Bild: Mit wem macht's die SPD? Mit Bodo Ramelow (Linke) oder Christine Lieberkn…
ERFURT/BERLIN taz | Angenehm war dieser Auftritt für Heike Taubert nicht:
Am Montagvormittag stand die Thüringer SPD-Spitzenkandidatin im Foyer des
Berliner Willy-Brandt-Hauses, und neben den beiden Herren an ihrer Seite
wirkte sie ziemlich erdrückt. Da war zum einen Sigmar Gabriel, der füllige
Parteichef, der sie schon am Wahlabend öffentlich abgewatscht hatte. Und da
war zum anderen Dietmar Woidke, der 1,94-Meter-Ministerpräsident aus
Brandenburg, der seine eigene Landtagswahl klar gewann. Taubert dagegen
holte für die Thüringer SPD bekanntlich nur 12,4 Prozent der Stimmen. Doch
das ist an diesem Vormittag nicht ihr einziges Problem.

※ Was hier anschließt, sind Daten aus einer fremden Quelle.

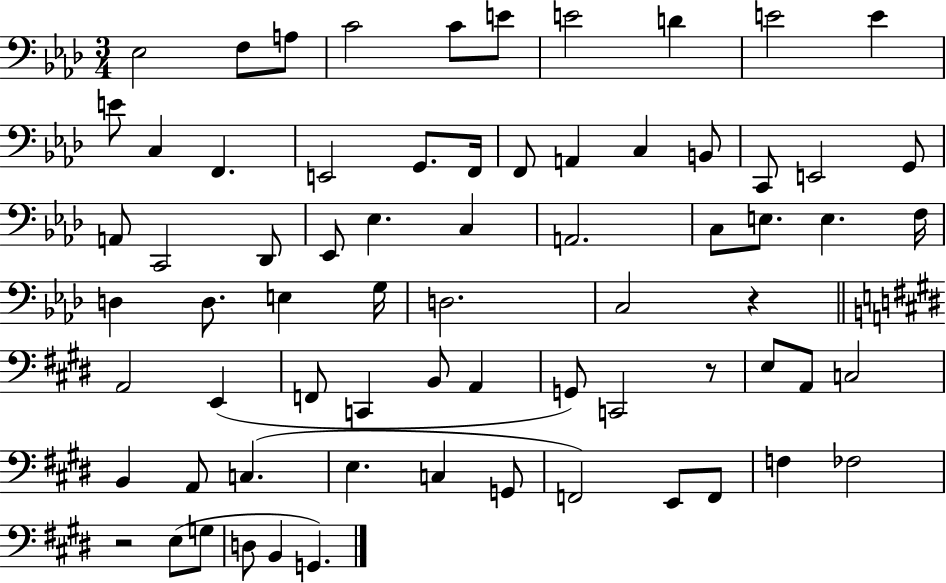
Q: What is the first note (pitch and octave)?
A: Eb3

„Wir haben jetzt die wirklich schwierige Situation in Thüringen, dass
sowohl CDU und SPD als auch Rot-Rot-Grün nur jeweils eine Stimme Mehrheit
hätten“, sagte Taubert. Ihre Partei muss sich aber zwischen den beiden
wackligen Optionen entscheiden, und in der Rolle des Züngleins an der Wange
fühlen sich die Sozialdemokraten offensichtlich alles andere als wohl.
Eine stabile Mehrheit für Rot-Rot-Grün hätte einigen in der Partei
gefallen: Raus aus dem Klammergriff der CDU und damit die Weichen stellen
für ein Linksbündnis nach der Bundestagswahl 2017. Nach dem schwachen
Wahlergebnis halten sich die Befürworter eines solchen Bündnisses aber
zurück. So etwa Parteivize Ralf Stegner: „Das Wahlergebnis spricht nicht
für die Große Koalition, aber es ist auch kein Volksvotum für ein Bündnis
mit der Linkspartei“, sagte er der taz.
In Thüringen selbst zögert das Spitzenpersonal ebenfalls, sich klar für
eine bestimmte Koalition auszusprechen. Es ist eher die Basis, die auch
nach der Wahlniederlage offen an den rot-rot-grünen Plänen festhält. So wie
am Sonntagabend eine frustrierte Juso-Gruppe vor dem Wahlpartylokal, die in
den herben SPD-Verlusten die Quittung dafür sah, dass man nicht schon 2009
bei komfortableren Ausgangsbedingungen in ein Bündnis mit Linken und Grünen
eingestiegen ist. Dann tauchte auch noch der frühere Innenminister Richard
Dewes auf, der schon mehrfach für Machtkämpfe in der Thüringer SPD sorgte.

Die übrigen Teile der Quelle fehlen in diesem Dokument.